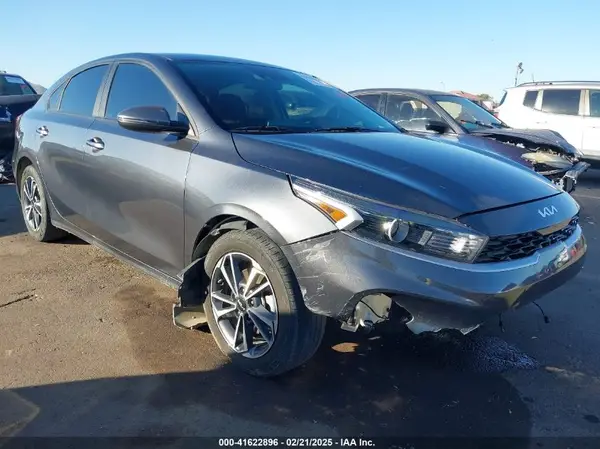 3KPF24AD8PE681457 2023 KIA FORTE - Image 1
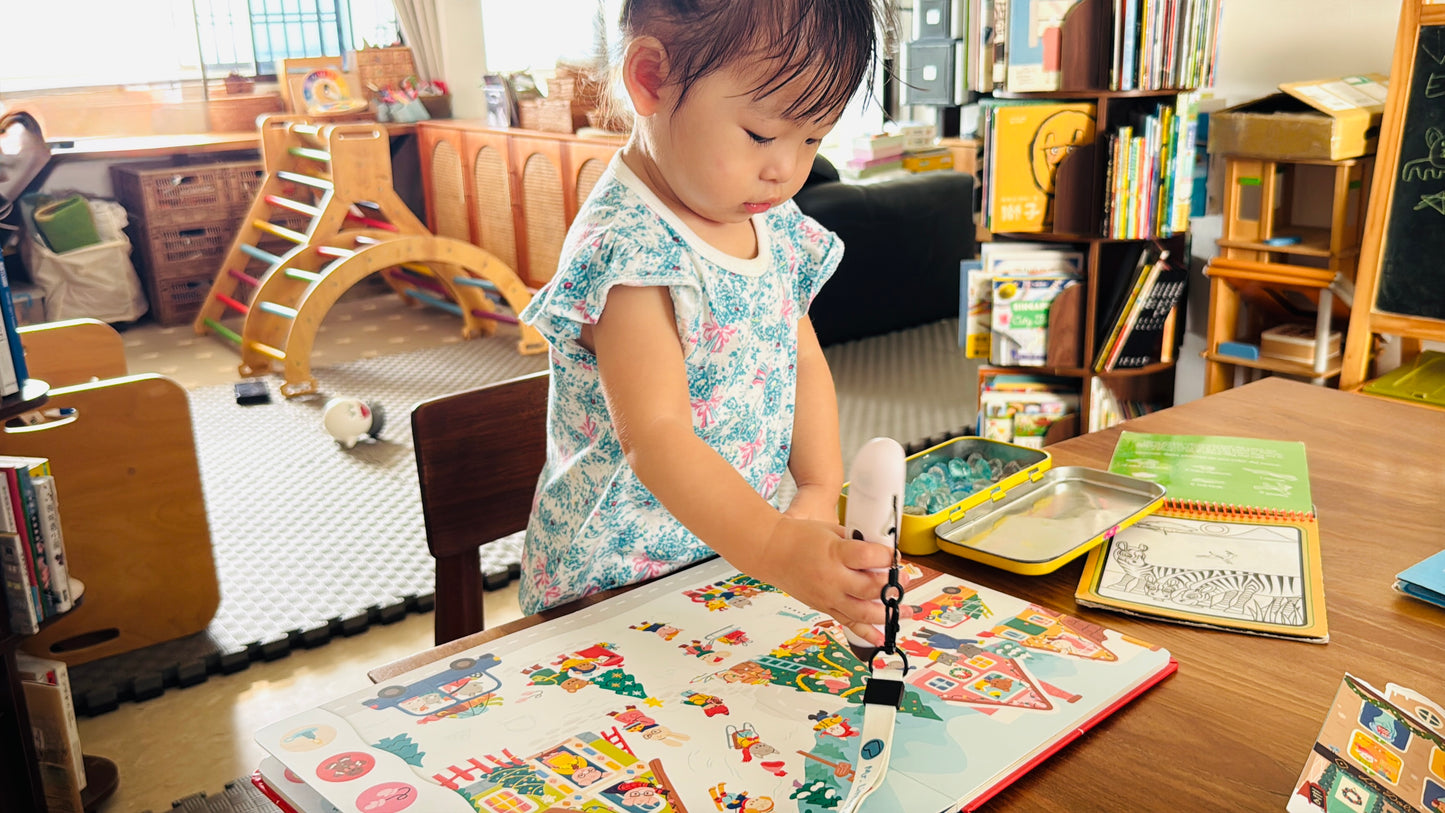 Search and Find CHRISTMAS 聖誕找一找點讀遊戲書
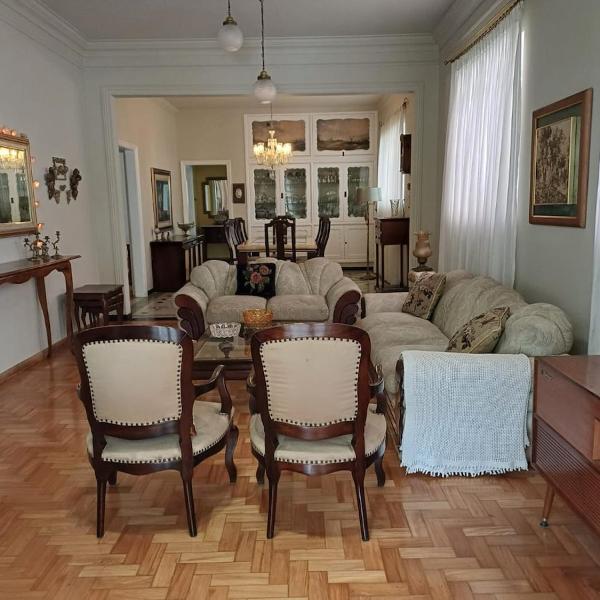 Casa maravilhosa na região Central BH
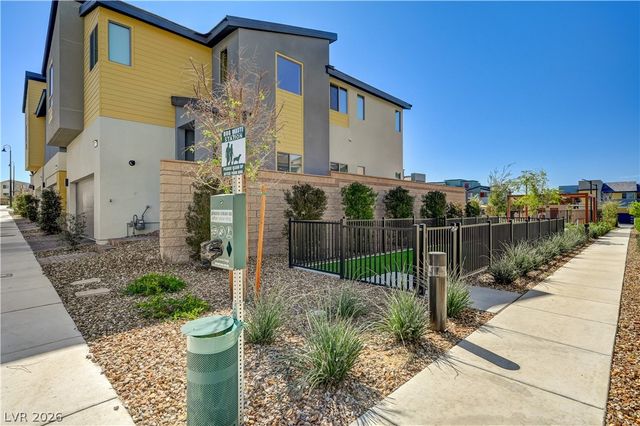 2540 Catallo Street, Henderson, NV 89044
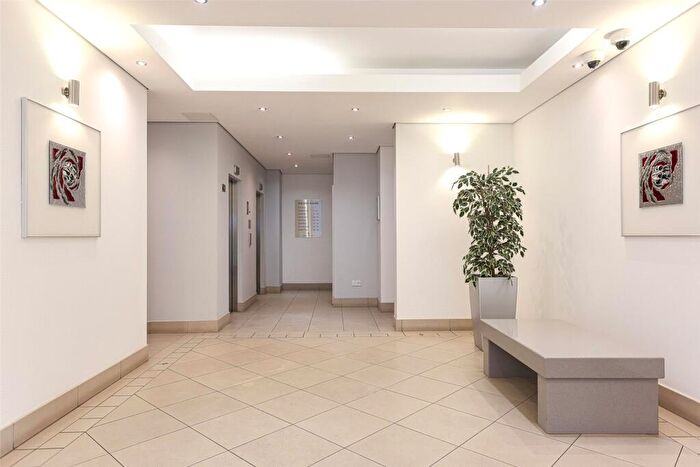 Studio For Sale In Boulevard Drive, Beaufort Park, Colindale, NW9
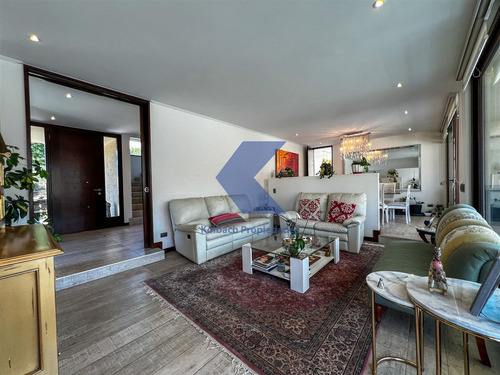 Casa En Arriendo De 4 Dorm Más Estar En Lo Barnechea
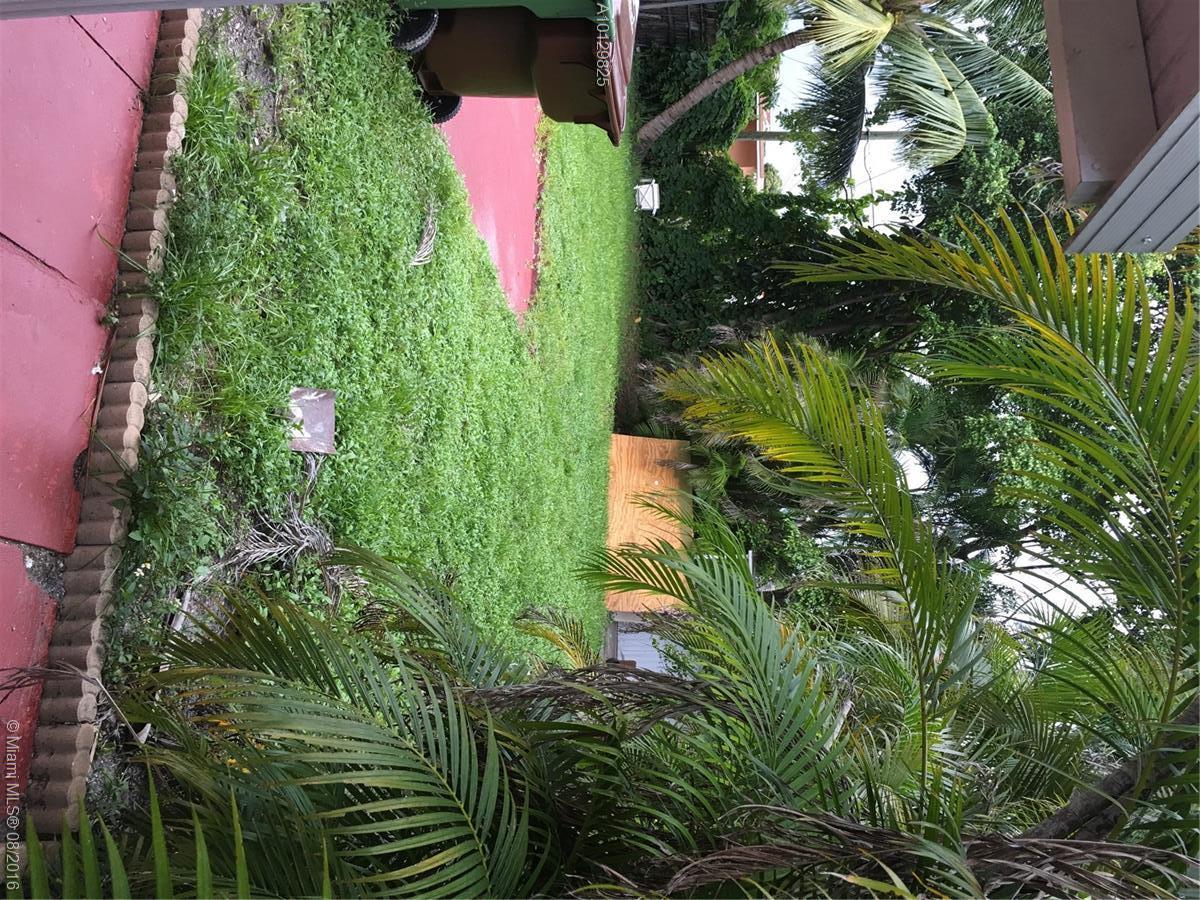 633 East 22nd Street Hialeah, FL 33013 - Photo 14 of 15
# # # # #
:: Task prompt ::
Would you restate the records above word for word and exclude the pictures?

:: Your solution ::
 3KPF24AD8PE681457 2023 KIA FORTE - Image 1
 Search and Find CHRISTMAS 聖誕找一找點讀遊戲書
 Casa maravilhosa na região Central BH
 2540 Catallo Street, Henderson, NV 89044
 Studio For Sale In Boulevard Drive, Beaufort Park, Colindale, NW9
 Casa En Arriendo De 4 Dorm Más Estar En Lo Barnechea
 633 East 22nd Street Hialeah, FL 33013 - Photo 14 of 15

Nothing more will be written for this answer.